We descended to the galleries, which were empty now, walked through to the residence, and parted on the second floor landing. I returned to my unpacked mess of a room, my thoughts churning.

No matter how I looked at it, Darren had definitely been checking me out. I knew just how often I had done the same, sneaking a glance at a woman at a time I wouldn’t be caught. Or rather, didn’t think I would be caught. How many times had the object of my attention noticed and simply not said anything?

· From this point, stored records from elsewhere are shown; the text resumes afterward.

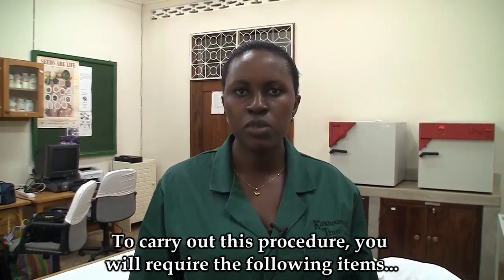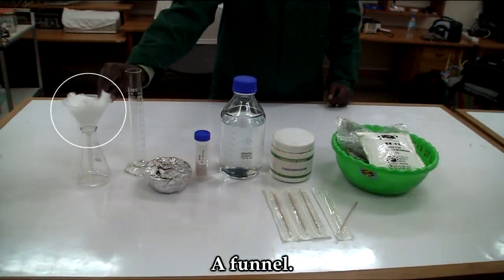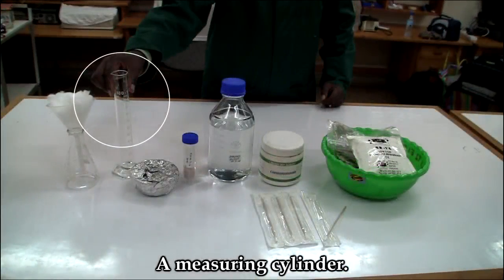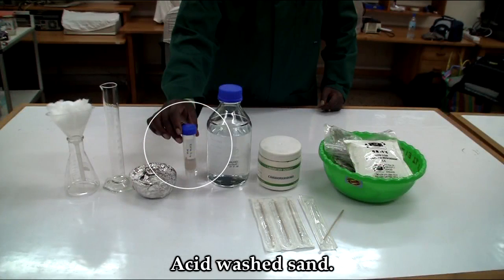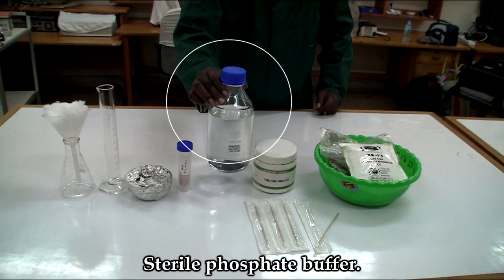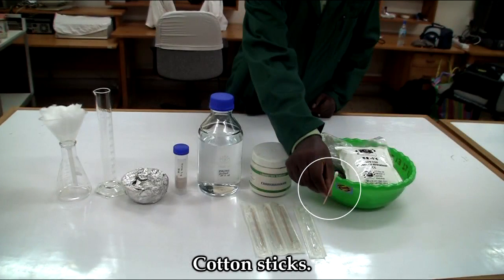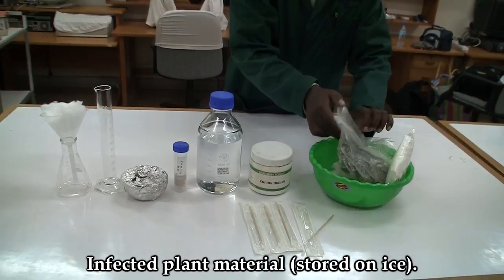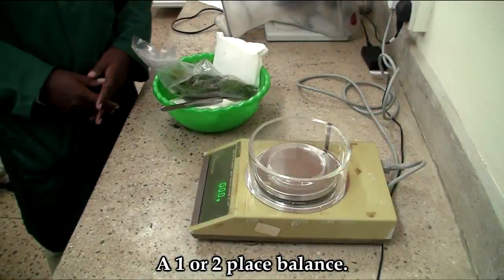To carry out this procedure, you will need the following: a glass flask, funnel, cheesecloth or cotton wool, measuring cylinder, a sterile mortar and pestle, acid washed sand, sterile phosphate buffer, carborundum powder, cotton sticks, and the infected plant material which is stored on ice or ice blocks. You will also need a way balance to weigh the plant material.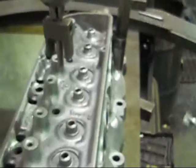And that's doing spring seat machining for big springs.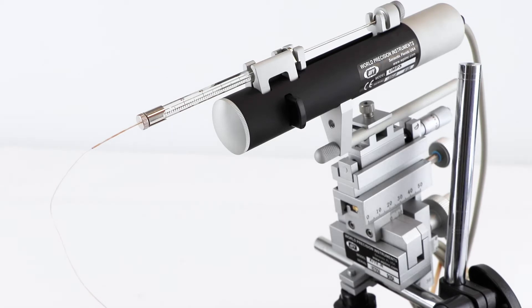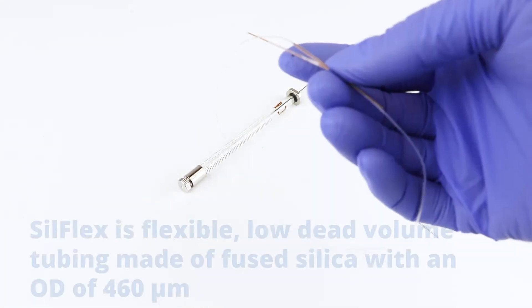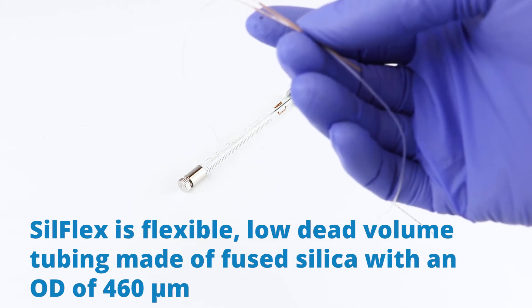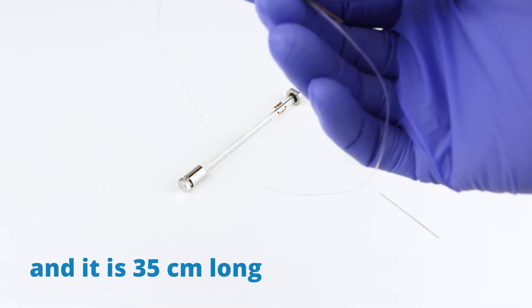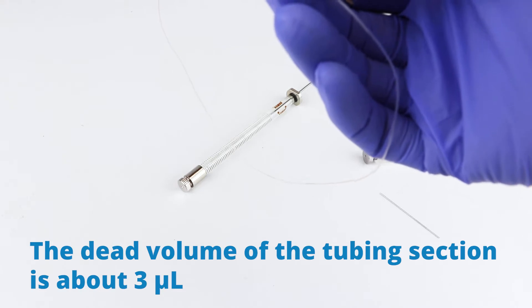Today we're going to talk about how to set this up. This is Silflex, a low dead volume tubing made of fused silica with an outside diameter of 460 microns and it's 35 centimeters long. The dead volume of the tubing section is about 3 µL.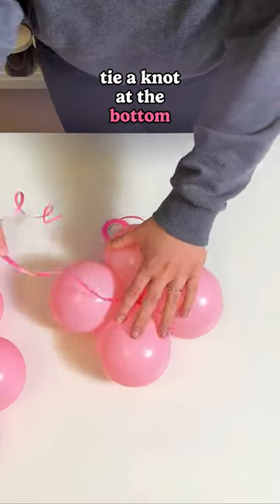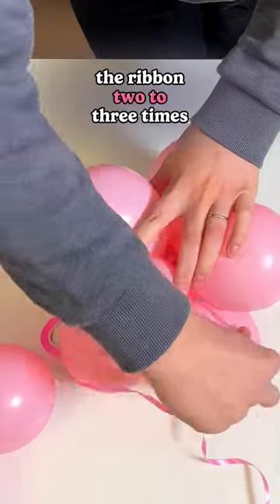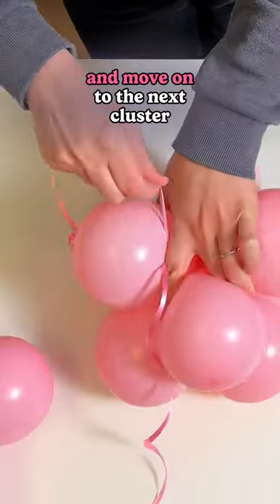Tie a knot at the bottom balloon, and place the next cluster slightly offset. Then figure-eight the ribbon two to three times around the balloons, and move on to the next cluster.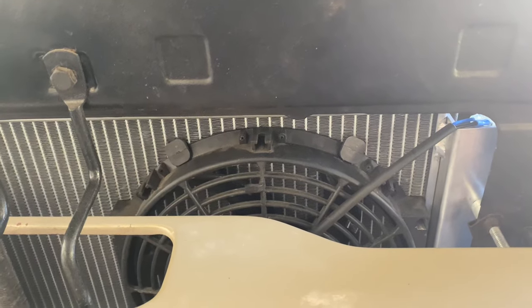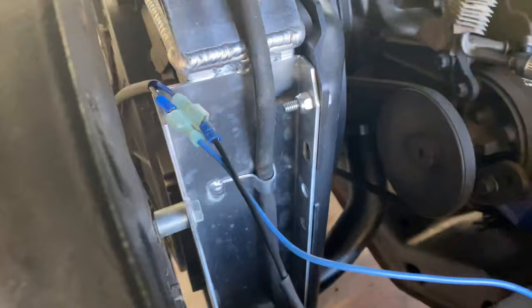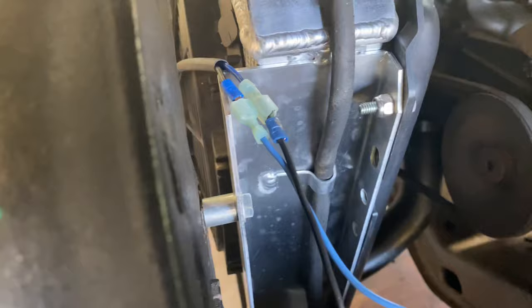First, mount your fan onto your radiator. Then run one wire to a ground bare metal. Sometimes the wires are switched depending on if it has a reverse polarity.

I finally relieved myself in the bathroom and checked my pad. A few little spots of dark red, whatever that meant. I threw that one away and applied another, then examined my appearance in the bathroom mirror. It wasn’t as if I were wearing anything that alluring. Jeans on bottom and a green V-neck top. I had on a bra this time too, so nothing was poking through that shouldn’t.

I couldn’t deny to myself that the attention was pleasant. I wasn’t a bad looking guy as Ben, but certainly nothing to turn heads. But now I was pretty, and dammit, I liked being pretty.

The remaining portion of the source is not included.